(Information shown begins)
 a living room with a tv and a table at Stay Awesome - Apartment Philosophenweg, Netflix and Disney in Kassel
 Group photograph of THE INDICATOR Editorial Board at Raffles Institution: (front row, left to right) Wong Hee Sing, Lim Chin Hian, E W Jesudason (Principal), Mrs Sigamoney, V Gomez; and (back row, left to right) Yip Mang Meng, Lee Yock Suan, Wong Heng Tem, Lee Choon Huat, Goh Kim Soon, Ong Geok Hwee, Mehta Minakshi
(Information shown ends)
(Information shown begins)
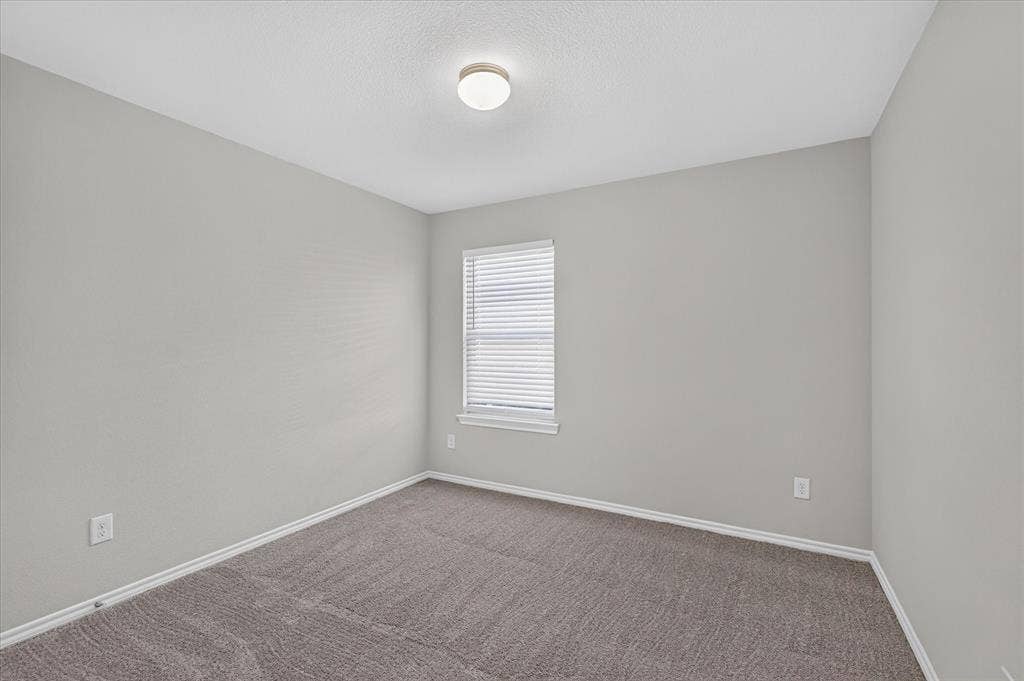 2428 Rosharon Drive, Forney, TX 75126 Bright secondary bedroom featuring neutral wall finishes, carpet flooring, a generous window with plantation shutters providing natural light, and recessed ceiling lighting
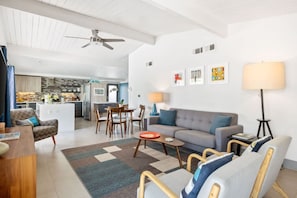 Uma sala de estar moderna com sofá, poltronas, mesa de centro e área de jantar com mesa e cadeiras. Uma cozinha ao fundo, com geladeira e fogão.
(Information shown ends)
# [Aim of the exercise]
From the records above, copy only the lines running from the line holding "2428 Rosharon Drive, Forney, TX" through the line holding "Uma sala de", with no pictures.

# [Task output]
 2428 Rosharon Drive, Forney, TX 75126 Bright secondary bedroom featuring neutral wall finishes, carpet flooring, a generous window with plantation shutters providing natural light, and recessed ceiling lighting
 Uma sala de estar moderna com sofá, poltronas, mesa de centro e área de jantar com mesa e cadeiras. Uma cozinha ao fundo, com geladeira e fogão.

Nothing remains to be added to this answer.